Ini memang seperti pemikiran orang tua modern dan kriteria sukses yang didambakan. Namun sayangnya ini sebetulnya hanyalah sebuah kesuksesan mitos. Mengapa dikatakan mitos karena segalanya kesuksesan diukur oleh nilai.
Jika bicara tentang kesuksesan dan kepintaran apakah harus diukur dengan sebuah angka. Jika otak manusia diukur oleh sebuah angka apakah tidak ada bedanya dengan sebuah benda di pasaran. Apakah manusia itu diukur dengan angka bukan dengan rasa. Memang pantas saja saat ini manusia tidak memiliki ras karena segalanya diukur dengan angka.
Pendidikan kita bahkan cita-cita kita memang selalu menggiring diri kita agar menjadi orang yang dimanfaatkan bukan orang yang bermanfaat. Katanya menjadi sebuah kebanggaan menjadi seorang doktor, insinyur, penemu dan sebagainya namun realitasnya mereka adalah manusia yang tak bebas dimana ia dikendalikan oleh lingkaran bisnis.
Semua profesi yang diciptakan di dunia ini kebanyakan untuk orientasi bisnis bukan untuk kesejahteraan. Jadi jika ada orang yang bangga dengan diterimanya masuk pada perusahaan yang hebat sebenarnya jangan bangga dulu karena itu bukan cita-cita kita sesungguhnya. Itu hanyalah sebuah cita-cita para pebisnis yang seakan-akan itulah keinginan kita.
Memang ini seakan seperti pikiran yang mind blowing yang mana, apakah cita-cita kita yang ditempa dari sekolah dasar adalah sebuah kendali pikiran? Mungkin bisa dikatakan Ia jika memang orientasinya untuk bekerja. Sehebat apapun pekerjaannya jika hubungannya dengan bisnis maka cita-cita kita tidak ada apa-apanya dengan mereka para pemilik dunia.
Pikiran kita rupanya terlalu sempit dalam memahami dunia yang mana pikirannya setelah selesai sekolah itu untuk bekerja. Apakah hidup membosankan seperti itu dimana yang dibangga-banggakan hanyalah cita-cita itu saja. Seakan-akan dunia itu linier padahal tidak demikian.
Cita-cita harusnya tidak seperti itu bukan berada pada kendali orang lain. Cita-cita harusnya bisa merubah keadaan menjadi lebih baik, bukannya mementingkan diri sendiri. Jika kita mengejar cita-cita untuk menjadi pekerja sesungguhnya cita-cita kita adalah untuk mewujudkan cita-citanya orang lain. Kita bukan seorang pembaharu namun seorang buruh yang dikendalikan oleh tuannya.
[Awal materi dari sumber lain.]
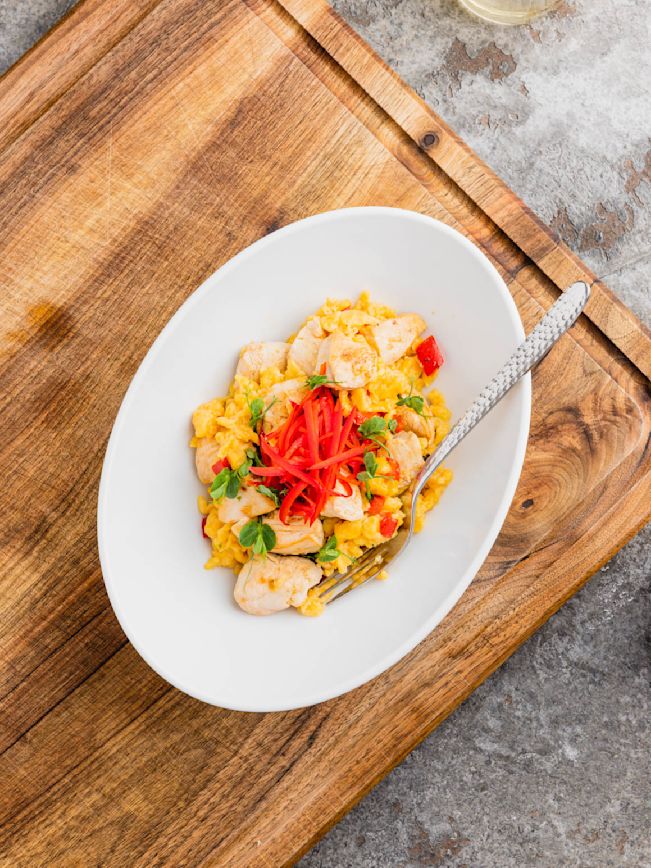 Safran-Spätzli mit Poulet und Paprika Rezept Safran-Spätzli mit Poulet und Paprika Rezept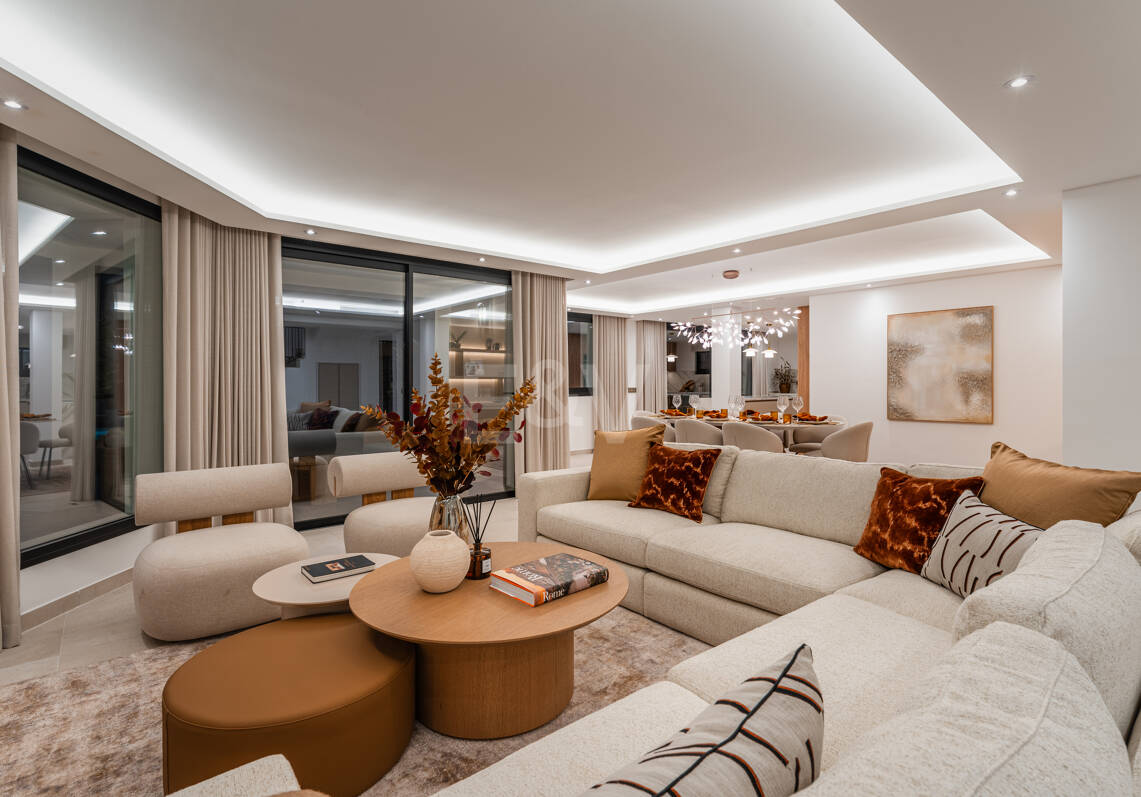 Impeccable Golden Mile Villa with Beautiful Sea and Mountain Views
Tidak ada yang namanya cita-cita yang murni atas keinginan kita serta dengan kesadaran penuh. Semuanya baik konsumsi, pikiran, perasaan itu atas dasar kendali sosial terutama pasar. Siapa yang menciptakan beraneka ragam cita-cita bahkan dari mulai sistem pendidikan sampai sistem pekerjaan, semuanya itu tentu diciptakan dan berada pada kendali pasar.
Sebenarnya ini apakah sebuah sistem terbaik di dunia saat ini atau bukan. Jawabannya itu tentu saja tergantung, jika orientasinya hanyalah untuk kepentingan kesejahteraan segelintir orang lantas cita-cita kita justru hanyalah untuk memperkaya mereka dengan bangga kita mengangkat derajat mereka meski diberi sedikit upah.
Dunia kita saat ini adalah cerita tentang uang bukan cerita kita bagaimana menjadi seorang manusia. Apapun cita-citanya tentu bukanlah tujuannya untuk kemanusiaan tetapi untuk uang.